To: Brian Buhrow <buhrow@cats.ucsc.edu>
From: Charles M. Hannum <mycroft@mit.edu>
List: tech-kern
Date: 08/30/1996 15:36:21
buhrow@cats.ucsc.edu (Brian Buhrow) writes:

> 
> 	The problem is  in the handling of a hardware error condition.  If the
> card resets during a particularly busy set of traffic flows, the ring
> buffer pointers can get balloxed up, causing data corruption in the
> outgoing packet.  While TCP will detect that the packet didn't make it to
> its destination, it will wrongly resend the generated packet, which is now
> garbage, thanks to the fine chip makers at National Semiconductor, which
> won't get through because the packet doesn't pass the IP checksum, which,
> of course, it shouldn't.
> 	The problem in the driver is that if it resets the card, due to the chip's 
> failure, it doesn't return a different status to the sending output
> routine.  Here's the relevant section of the driver.
> routing.
>
> [...]

The first piece of code you quote has to do with packet reception.
This code `can't fail', unless we are out of mbufs, in which case the
packet is silently dropped.  I don't see a problem here.
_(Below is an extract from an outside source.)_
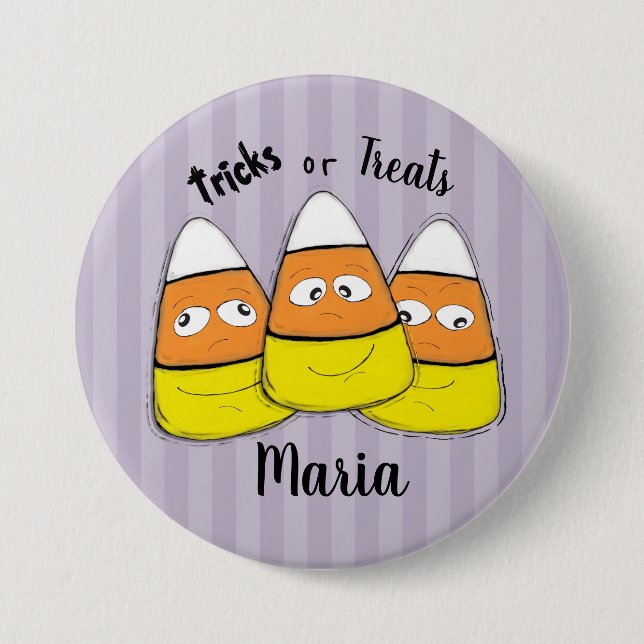 Glad halloween-majs godis knapp (Framsida)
The second piece of code has to do with packet transmission.  This
code doesn't modify the mbufs in kernel memory, so there's no way it
could corrupt the retransmissions.  So far, I still don't see a
problem.

The one place I do see a (minor) problem is that, even if the transmit
DMA fails to complete, we send whatever happens to be in the device's
memory as a packet (*once*).  This will almost certainly result in the
packet being dropped whereever it arrives.  So far, I *still* don't
see a problem.  In addition, unless you're actually seeing `remote
transmit DMA failed to complete' messages, this isn't relevant at all.
(This should be fixed anyway, of course.)

I believe your analysis is incorrect.